Der Verlust wäre äußerst schmerzhaft. Das ist Geld der Weissacher Bürgerschaft. Mit Blick auf die aktuellen Projekte hätte es aber keine Auswirkungen. Wenn, dann hat es Auswirkungen auf die mittelfristige Finanzplanung in den nächsten drei bis fünf Jahren.

Wie sieht das weitere Vorgehen nun aus, um das Geld vielleicht doch noch zu retten?

Wir haben uns mit anderen betroffenen Kommunen im Land unter dem Dach des Gemeindetags vernetzt, um ein einheitliches Vorgehen anzustrengen. Außerdem haben wir sondiert, ob es geeignete Fachanwaltskanzleien für Bank- und Kapitalrecht gibt. Es muss geprüft werden, ob Haftungsansprüche gegenüber den Anlageberatern bestehen und natürlich, sollte die Insolvenz kommen, gegenüber der Greensill Bank, deren Wirtschaftsprüfer und der Ratingagentur.

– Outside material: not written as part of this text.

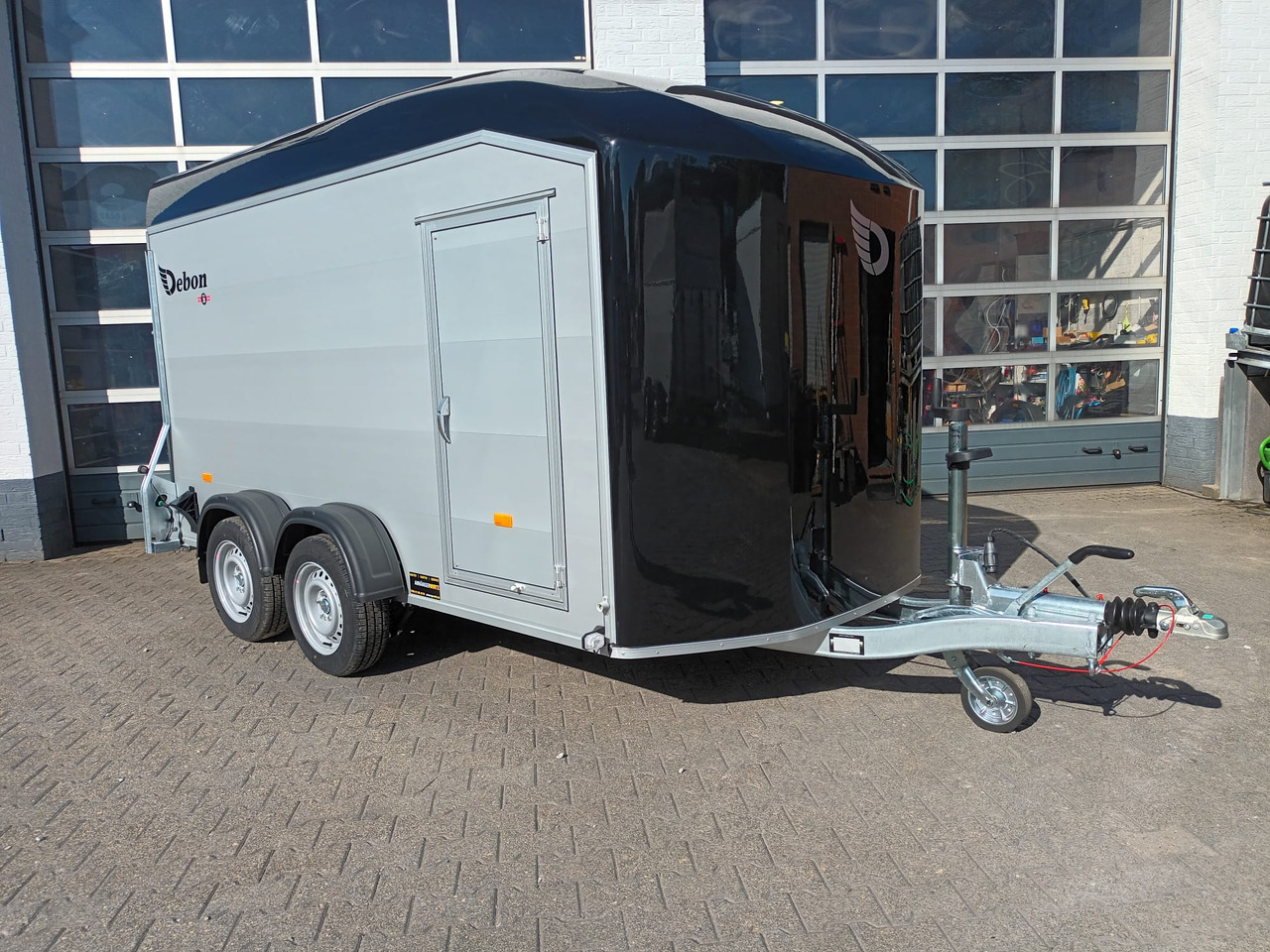Cargo Roadster 700 375x180x200cm Alu Poly black Pullman 100km/H 2600kg Modell 2025 - Прицеп для легкового автомобиля: фото 3 Cargo Roadster 700 375x180x200cm Alu Poly black Pullman 100km/H 2600kg Modell 2025 - Прицеп для легкового автомобиля: фото 3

Und wir müssen klären, ob die aufsichtsrechtlichen Verfahren ordnungsgemäß verliefen. Hätte man vor einem halben Jahre gewusst, dass die Bafin ermittelt, dann hätten die Kommunen mit Sicherheit keine Geldanlagen bei Greensill getätigt. Am Montag werde ich dem Gemeinderat überdies vorschlagen, eine Sonderprüfung unserer Rechtsaufsichtsbehörde, also des Landratsamts, der Gemeindeprüfungsanstalt und eines externen Wirtschaftsprüfers durchführen zu lassen. Ein neutraler Blick auf die Vorgänge und ein transparenter Umgang damit sind wichtig. Ich verwahre mich vehement gegen den Vorwurf, wir hätten gezockt.